Now the actor, currently appearing in Heroes at Wyndham’s, stopped the show again last Saturday when a phone went off repeatedly in the penultimate scene: “Could the person whose mobile phone it is please leave?” And when she got up to do so, he stepped forward and asked her, “Is that it, or will it be ringing some more? The 750 people here would be fully justified in suing you for ruining their afternoon.”
Griffiths was pushed to breaking point, he said afterwards: “It was one of the last scenes of the play and I had already had to restart the speech twice because her phone had gone off. I didn’t say anything until the third time, when I just thought it was too much.”
Mobile phones going off certainly bring breach the fourth wall of the theatre; but Griffiths’ reaction, understandable as it is, no doubt breached it even further. At the RSC, I once saw John Wood stop mid-speech as King Lear, and admonish the audience: “Will you please stop coughing?” And then, after briefly apologizing, he continued.
In the tiny confines of the Donmar, however, I have seen professional audience members frequently falling foul of such strictures. At one recent press night, the offending mobile phone belonged to Evening Standard theatre critic Nicholas de Jongh; at another, Michael Colgan of Dublin’s Gate Theatre phone kept bleeping with the sound of arriving text messages – which he was then observed replying to – thus creating another bleep every time the reply arrived, too! Confronted afterwards by a disgruntled colleague of mine, he told him, “I’m sure Chekhov is robust enough to withstand the intrusion!”

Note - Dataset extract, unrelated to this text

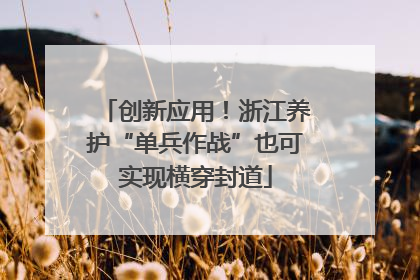 创新应用！浙江养护“单兵作战”也可实现横穿封道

But at least Griffiths will be legally protected when he takes The History Boys to New York next spring. There, it’s illegal to let a phone ring during a performance, and offenders can get fined. “Yes, absolutely fine them £50 and hit them in their pockets,” he says. “Failing that, we could issue people with machetes and tell them to hack other people’s mobile phones to bits when they go off — that should do it.”